We’ve learned much, much more about America and torture in the past five years. But as Mark Danner recently wrote in The New York Review of Books, for all the revelations, one essential fact remains unchanged: “By no later than the summer of 2004, the American people had before them the basic narrative of how the elected and appointed officials of their government decided to torture prisoners and how they went about it.” When the Obama administration said it declassified four new torture memos 10 days ago in part because their contents were already largely public, it was right.

Yet we still shrink from the hardest truths and the bigger picture: that torture was a premeditated policy approved at our government’s highest levels; that it was carried out in scenarios that had no resemblance to “24”; that psychologists and physicians were enlisted as collaborators in inflicting pain; and that, in the assessment of reliable sources like the F.B.I. director Robert Mueller, it did not help disrupt any terrorist attacks.
Together with this, from an e-mail I received recently:

Attached is the Homeland Security Report on "Rightwing Extremism" that has made the news lately. It is intended to discuss radical groups that evoke hatred against certain groups (abortion rights advicates, [sic] immigrants, etc.) using unique current socio-political and socio-economic conditions (our first African American President and the poor global economy) as a foundation for this hatred. On the face of it, I don't have any problem with Homeland Security raising awareness on the rise of the activitiies [sic] of these idiot extremists. White supremist [sic] hate-mongers are as dangerous to our freedoms as the gun-control advocates ever thought about being. However, I can see where the net this report casts implicates any strong "right wing" advocate as a "potential terrorist threat", not just extremist groups. I myself, can identify with these concerns about our government's intrusion into private rights and the potential to undermine capitalism in favor of socialism. The real question in my mind is at what point in time during the evolution of a socialistic or tyrannical government does a true patriot willing to defend the principles of the country he/she loves become a "radical extremist/terrorist"? Where would Thomas Payne have been categorized in this report 233 years ago?

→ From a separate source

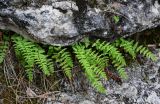 Woodsia caucasica. Вегетирующие растения. Дагестан, Гунибский р-н, Салтинская теснина, на скале. 02.05.2022.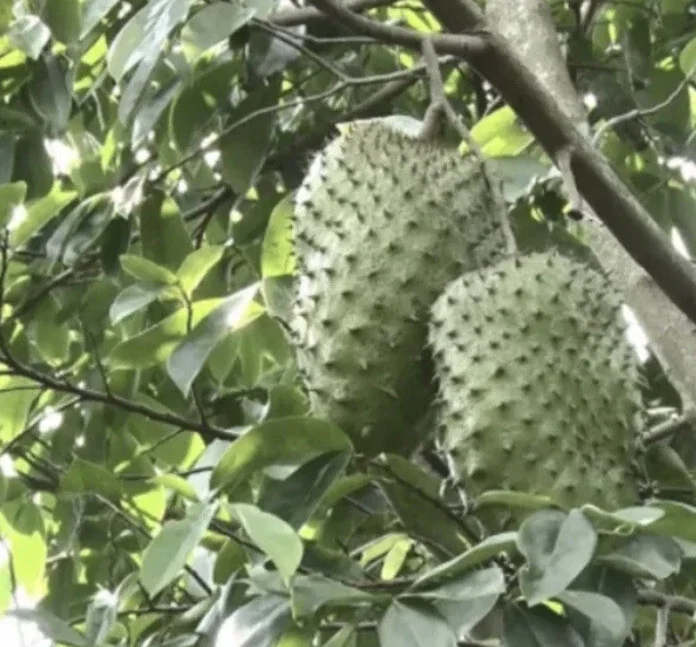 Soursop Tree Live Plant Annona Muricata Graviola Guanabana 18-25 inches Tall Tropical Outdoor - Image 6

I also worry that the peaceful demonstration of the frustration with the way things are such as last Wednesday's "tea parties" across the country were not worthy of hardly any prime-time media coverage from the "alphabet networks". I guarantee you that if those demonstrations had been focused on the rights of a particular ethnic group, pro-abortionist or other entity, these networks would have been all over it. I would have found it much more gratifying and credible had this Homeland Security Report discussed the potential for the mainstream media's absolute sheltering of any criticism of the current governmental policy changes to also be a factor in promoting extremist actions due to the frustration such biased reporting causes.
Together with this tale from Columbine, a link to Scopes from another e-mail I received the other day. The interesting wrinkle is the preamble to the e-mail included the Snopes link, and even noted this "message" has been around since 1999. But the e-mail still insisted that despite Mr. Scott's "rambling opinion that gun control laws wouldn't have stopped the Columbine High School shootings, and that those shootings were somehow related to a lack of religion in schools," that: "Regardless, seems the statement of Darrell Scott articulately says enough about the real issues!!!!" Which would be, somehow, the lack of religion in schools and how that relates to gun violence. (Even as the Texas Legislature is considering allowing a new exception to its concealed handgun laws, to permit students and faculty and parents to bring guns to college classes, for "safety.")

What ties all of those together? This:

For the most part, we've failed so far. It was more than a little disheartening to learn of the crippling fear inside the newsroom of the New York Times, where editors and reporters were so afraid of offending, so afraid of anyone thinking that the newspaper was taking a side, that the news staffers refused to label globally outlawed practices such as waterboarding as "torture." On the same morning we learned about that wishy-washiness at our most influential newspaper, David Broder of the Washington Post was trying to argue that the torture story isn't about obeying the law, or about our national soul, but "cloaks an unworthy desire for vengeance." I believe what Broder is really saying is that it's impossible for him to believe that someone who lunches across from him at the Palm or the Capitol Grille is capable of what Frank Rich described as "the banality of evil," that someone who wears a nice tie or has a kid in Little League could condone or encourage unlawful, violent and sometimes even lethal acts -- acts which we are now learning were carried out to achieve the dubious political ends of our leaders.
Or even this. The idea that somebody somewhere is NOK, and so can be excluded from the discussion, cast out of the sacred circle, exorcised from the inner sanctum, purged from the holy of holies. The idea that purification will make us all better, that "those people" do "those things," but not "our people." The idea that we could ever meet the enemy, and he could ever be us.